PLoS ONE (Jan 2020)
Binary-level data dependence analysis of hot execution regions using abstract interpretation at runtime.
Abstract
With the widespread of multicore systems, automatic parallelization becomes more pronounced, particularly for legacy programs, where the source code is not generally available. An essential operation in any parallelization system is detecting data dependence among parallelization candidate instructions. Conducting dependence analysis at the binary-level is more challenging than that at the source-level due to the much lower semantics of the binary code. In this paper, we consider using the elaborate 'static' analysis of abstract interpretation, for the first time, at runtime for data dependence detection. Specifically, our system interprets instructions at a hot region, while at the same time, collect programs semantics for seen program points, thereby conducting abstract interpretation analysis dynamically. The analysis is guaranteed to be correct as long as execution does not exit the region prematurely. Moreover, successive hot region re-entries will resume previous analysis, albeit much faster in case no major change in the program semantics.
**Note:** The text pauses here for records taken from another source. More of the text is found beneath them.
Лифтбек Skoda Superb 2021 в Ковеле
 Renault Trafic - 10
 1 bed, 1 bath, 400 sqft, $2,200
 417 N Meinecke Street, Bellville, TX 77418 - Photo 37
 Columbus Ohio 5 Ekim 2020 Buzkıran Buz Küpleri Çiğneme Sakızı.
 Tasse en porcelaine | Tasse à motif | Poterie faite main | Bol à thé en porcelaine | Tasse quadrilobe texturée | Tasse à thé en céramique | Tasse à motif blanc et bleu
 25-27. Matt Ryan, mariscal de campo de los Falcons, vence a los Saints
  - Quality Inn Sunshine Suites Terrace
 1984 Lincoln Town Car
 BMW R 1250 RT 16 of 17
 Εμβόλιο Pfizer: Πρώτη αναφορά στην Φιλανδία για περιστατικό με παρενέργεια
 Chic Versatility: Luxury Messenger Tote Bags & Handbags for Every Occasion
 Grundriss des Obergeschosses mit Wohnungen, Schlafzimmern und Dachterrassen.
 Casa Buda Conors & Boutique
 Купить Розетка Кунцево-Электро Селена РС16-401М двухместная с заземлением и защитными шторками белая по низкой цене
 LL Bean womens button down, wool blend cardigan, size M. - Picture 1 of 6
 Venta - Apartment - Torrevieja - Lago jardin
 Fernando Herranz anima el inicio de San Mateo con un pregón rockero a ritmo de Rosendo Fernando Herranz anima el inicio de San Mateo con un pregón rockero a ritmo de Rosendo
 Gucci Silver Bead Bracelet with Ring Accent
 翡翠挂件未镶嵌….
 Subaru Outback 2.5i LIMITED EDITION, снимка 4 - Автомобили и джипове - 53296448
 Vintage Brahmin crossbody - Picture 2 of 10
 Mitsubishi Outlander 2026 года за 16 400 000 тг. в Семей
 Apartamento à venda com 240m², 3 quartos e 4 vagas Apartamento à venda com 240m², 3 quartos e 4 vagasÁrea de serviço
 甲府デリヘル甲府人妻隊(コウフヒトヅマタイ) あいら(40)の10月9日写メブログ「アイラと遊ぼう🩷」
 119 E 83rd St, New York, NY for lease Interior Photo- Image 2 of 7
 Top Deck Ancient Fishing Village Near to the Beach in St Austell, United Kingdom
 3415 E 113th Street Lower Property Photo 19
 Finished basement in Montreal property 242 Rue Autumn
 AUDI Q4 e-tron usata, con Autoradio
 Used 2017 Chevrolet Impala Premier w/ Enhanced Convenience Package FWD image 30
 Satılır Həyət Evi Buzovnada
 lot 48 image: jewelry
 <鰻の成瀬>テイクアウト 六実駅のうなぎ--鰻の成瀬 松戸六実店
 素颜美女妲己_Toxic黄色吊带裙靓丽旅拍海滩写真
Such approach provides for more rigorous analysis than other simple dynamic analysis which would typically miss parallelization opportunities. The proposed approach also does not require any hardware support, availability of the source code, as well as any code re-compilation. To study the performance and accuracy of our approach, we have extended the Padrone dynamic code modification framework, and conduct an initial study on a set of PolyBench kernels and selected programs from SPEC CPU. Experimental results show accurate dependence detection with low overhead.